Construction work done for Q2 2019 came in at-3.8% q/q versus the expected -1.0% q/q with a prior of -1.9%.
This really doesn’t bode all that well for the Aussie economy, given how reliant Australia is on housing as an industry. Since the peak in the housing market, prices have pulled back at least 10-20% in most major areas. This is the sort of moves we’ve seen in other leading economies such as California and New Zealand etc.
Interestingly, other numbers that we are seeing on housing are still strong. This is the winter time in Australia and that means the housing market is quiet. There are low volumes being done in terms of sales, but buyers are now coming out and looking for bargins.
There is also some speculation at the moment, that there might very well be some serious money flowing out of Hong Kong soon, on the back of the riots, which could very well lead to some areas such as Sydney revving back up.
Either way, at the moment, these construction numbers do show that new homes are slowing down based on the state of the property market in general.

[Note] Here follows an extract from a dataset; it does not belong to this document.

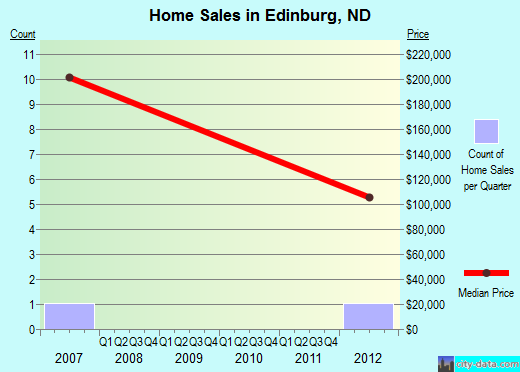 Edinburg,ND real estate house value index trend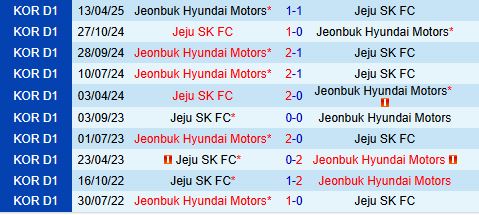 Nhận định Jeju SK vs Jeonbuk 17h30 ngày 235 (VĐQG Hàn Quốc 2025) 1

The RBA did mention yesterday, that they saw signs of prices stabilising, which is a positive for the AUD/USD. Money flowing in from foreigners is obviously a boost to the Aussie.
Today the AUD is starting to weaken and has not been able to hold the 0.6750 level. Above us the 0.6800 level remains particularly strong.
We in-fact have an open forex signal to the short side and that is starting to look pretty good, helped by a risk off feel and a weak data point today.